In our society today, extreme violence and
people having sex -- i.e., porn -- are among our most popular forms of entertainment.
TV -- both streaming and legacy -- has plenty of the former, but as far
as I can tell, none of the latter. But follow the money and give it time.
TV is only part of today’s great content ecosystem. Some would say TV does
not have the power to influence in the way it once did when it was the king of all media. Advertisers still flock to it, though, which indicates it is not dead yet.
Millions
upon millions still watch what we call legacy TV. I interpret the phrase as referring first and foremost to the broadcast networks and their local-station affiliates, and then to the
advertiser-supported world of basic cable.
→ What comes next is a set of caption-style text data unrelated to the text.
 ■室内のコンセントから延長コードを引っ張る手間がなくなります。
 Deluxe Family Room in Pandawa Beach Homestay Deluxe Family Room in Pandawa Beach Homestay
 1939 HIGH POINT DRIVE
And what a mess that is. As the years go on, the shows on basic cable look cheaper and cheaper and the commercial breaks
are longer and longer.
One of the “90 Day Fiancé” spinoffs on TLC has people lounging in bed watching “90 Day Fiancé.”
How much does one get paid for laying in bed on TV?
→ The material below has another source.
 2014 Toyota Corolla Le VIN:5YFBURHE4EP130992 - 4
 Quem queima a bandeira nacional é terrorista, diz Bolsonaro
It is a reflection of the way many of us watch TV these days. But if we are watching other people just
like us watching TV just like us, what kind of bizarro TV world are we living in today?
TV’s role in exacerbating the fury prevalent today is not
debatable (although some might choose to debate it).
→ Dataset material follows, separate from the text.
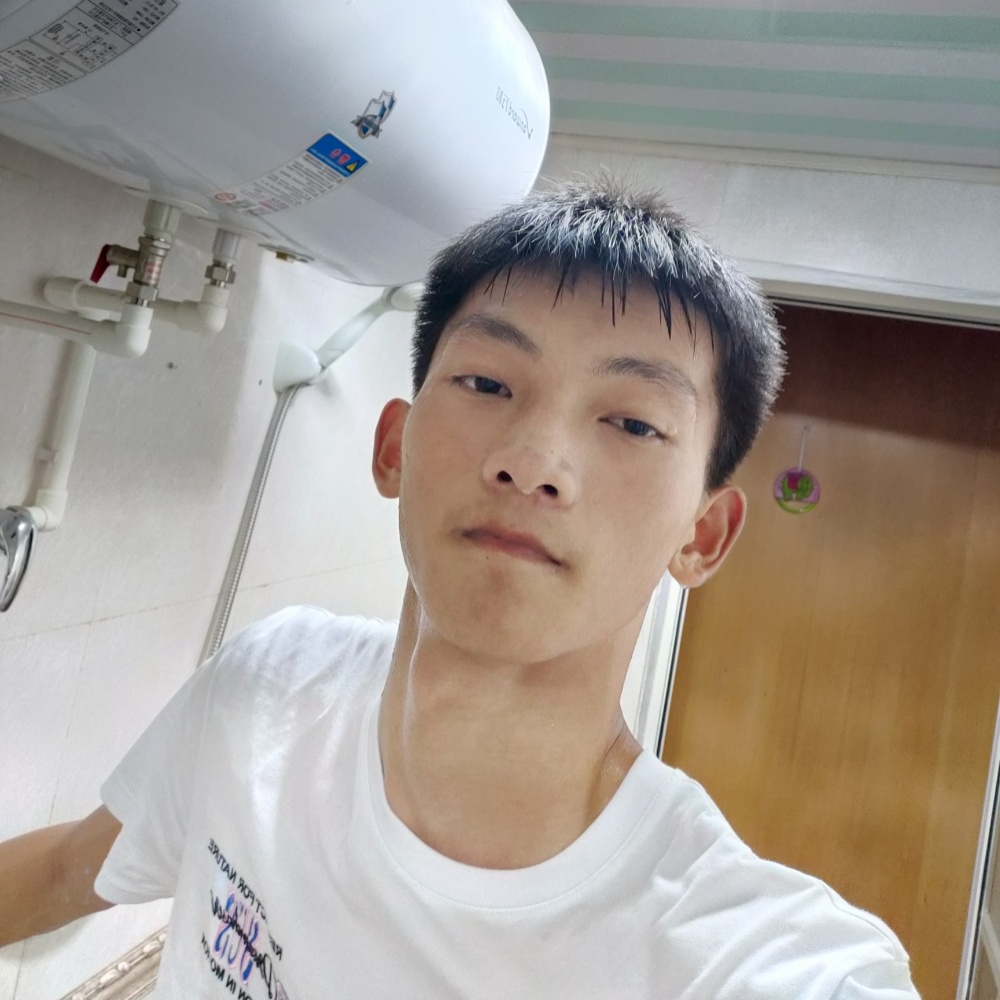 懦弱等待钢铁侠的照片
Social media having little or nothing to do with TV is a big contributor to the vast arena of
anger.
But the cable news channels and their web site counterparts have fanned the flames for years. And it
can be argued that the temperature of their fire rises all the time.
These days, it is as if reporting the news on cable without slanting it in one direction
or the other is as dead as newsprint.
For example, I look at the CNN and Fox News web sites far more than I watch them. And the
phenomenon I discovered this year was the one in which they each present stories with headlines of outrage taken from their own TV talk shows.
It is easy to justify all the vitriole as merely responding to what the audience wants. TV has always reacted that way.
It is the same old chicken-and-egg question. On the subject of the divisions roiling society, our communities and our friendships, which came first? The
vitriole itself or the medium that helps to propagate it?